Most cats like routine and a disruption to this routine, like us returning to work and being absent from home, may leave some feeling stressed or anxious. A cat’s body language is much more subtle and so it is important to regularly observe your cat to know when something is out of character. Body language of a worried or unhappy cat:

• They are in a crouched position, muscles are tense, body is held tightly, their tail is tucked tightly into their body, and the ears are slightly swivelled sideways.

• Their head is slightly lowered and tucked into the body, pupils are dilated, and mild tension shows in their face.

• Cat is lying down, body is flattened, ears are flattened to the head, their pupils are dilated, and the tail is held tightly into the body.

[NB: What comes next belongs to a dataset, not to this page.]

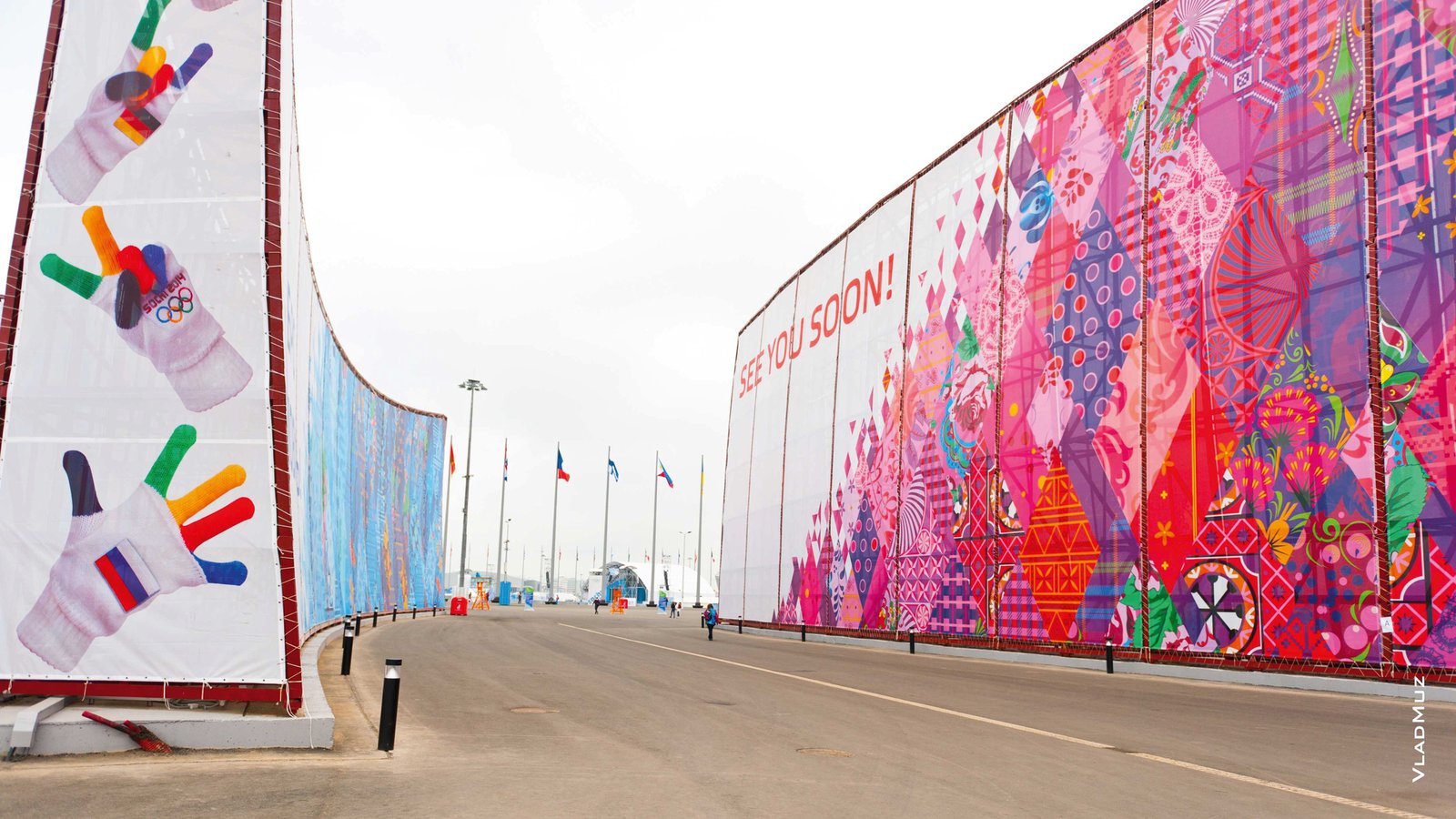 Баннерное оформление ограждений с символикой «Sochi 2014»: варежки с флагами на одной стене, надпись «See you soon!» на пёстром узоре — на другой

• Cat is lying down, body is flattened, ears are flattened to the head and drawn back, body is slightly rolled over to one side, pupils are dilated, mouth is open and tense, and their teeth are showing.

• They are standing and their back is arched, with their body held sideways and their hair is raised. Their posture will be tense, with the front paw slightly lifted off the ground (ready to swipe if needed), ears are lowered and pointing out to the side, mouth is open and tense, their teeth are showing, and the tail is tensed.


Rabbits can often be a misunderstood pet because people assume that they are simple to care for. Rabbits are complex, social animals who can become distressed when they don’t have company and space to exercise. Like cats, their body language can be subtle.

Body language of a worried or unhappy rabbit:

• They are in a crouched position, their muscles are tense and their head is held flat to the ground, ears wide apart and flattened against the back, with pupils dilated.

• Rabbit turns and moves away flicking the back feet. Ears may be held against the back.

• Rabbit is sitting up on back legs with front paws raised displaying boxing behaviour. Their ears are pointed upwards and facing outwards. The rabbit may also be growling.

• They are standing with their body tensed and their back legs thumping on the ground. Tail raised, ears pointing upwards and slightly turned outwards, facial muscles are tense and pupils dilated.

• Rabbit is standing tense with body down and weight towards the back, head tilted upwards, mouth open and teeth visible. Ears are held back and lowered, tail raised and pupils dilated.